The task:
Among the entries below, only the lines from the one with "Close-up of Alcura" through the one with "Steamboat in Winter, Colorado, USA, 1:75000" are to be retyped, exactly and without pictures.

Material supplied:
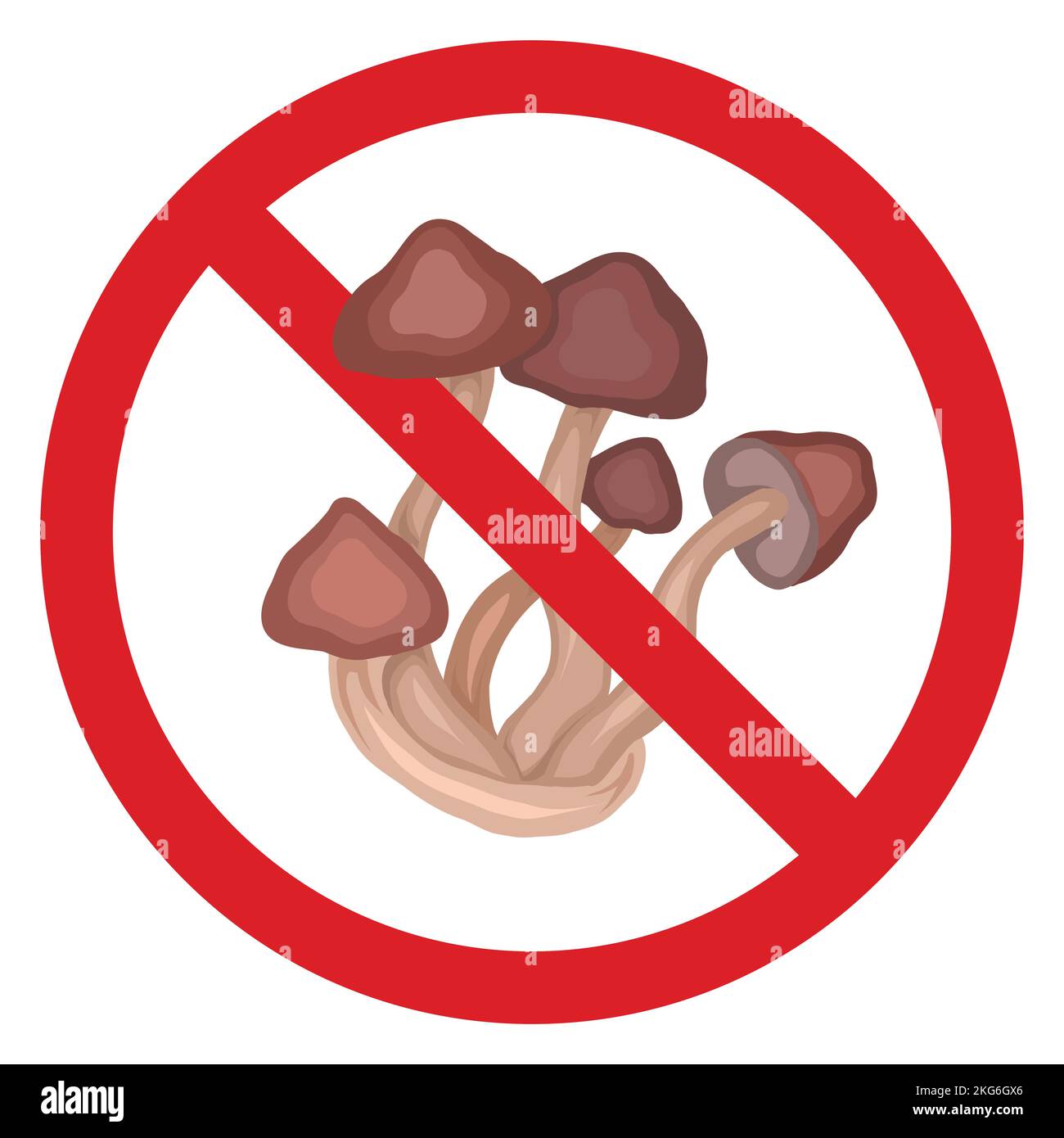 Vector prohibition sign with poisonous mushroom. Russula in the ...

---

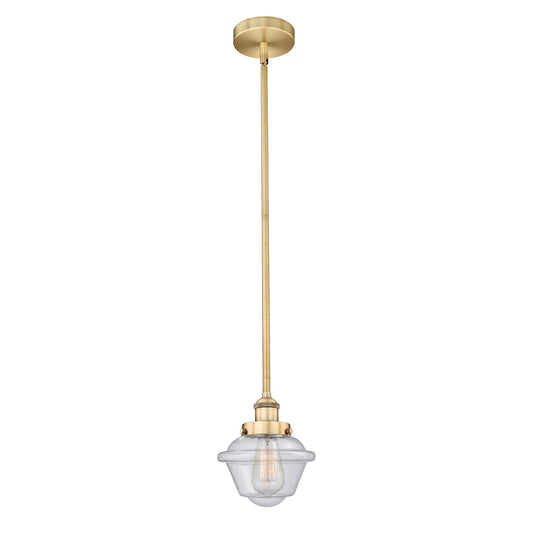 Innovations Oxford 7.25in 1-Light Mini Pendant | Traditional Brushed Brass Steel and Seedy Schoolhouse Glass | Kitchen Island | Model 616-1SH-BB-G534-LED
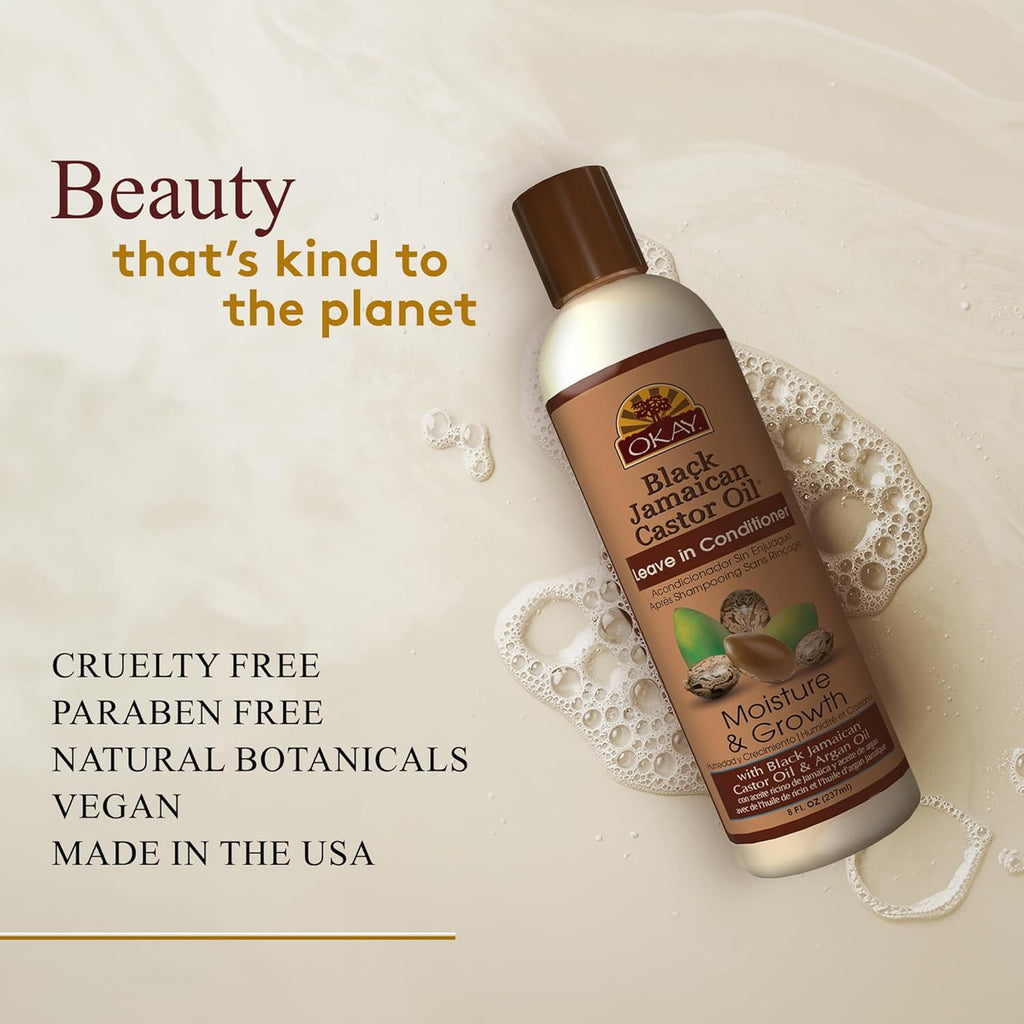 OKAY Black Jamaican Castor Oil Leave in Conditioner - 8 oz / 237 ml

==

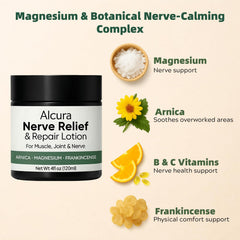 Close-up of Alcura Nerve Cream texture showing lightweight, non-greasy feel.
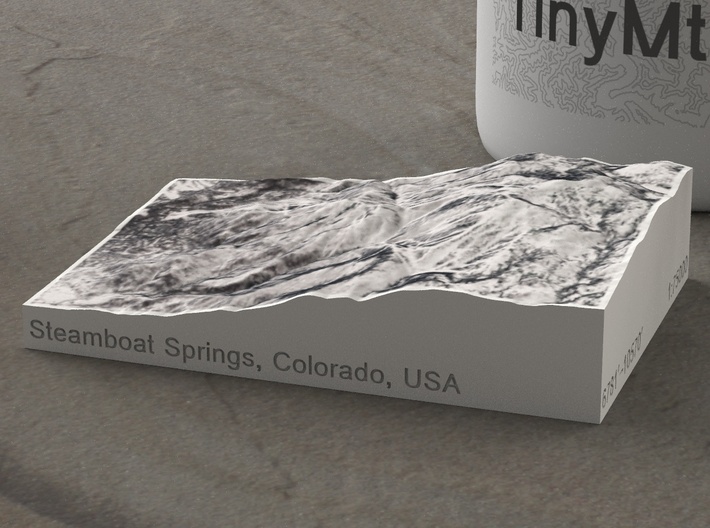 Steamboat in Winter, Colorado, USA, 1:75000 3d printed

Solution for this task:
 Close-up of Alcura Nerve Cream texture showing lightweight, non-greasy feel.
 Steamboat in Winter, Colorado, USA, 1:75000 3d printed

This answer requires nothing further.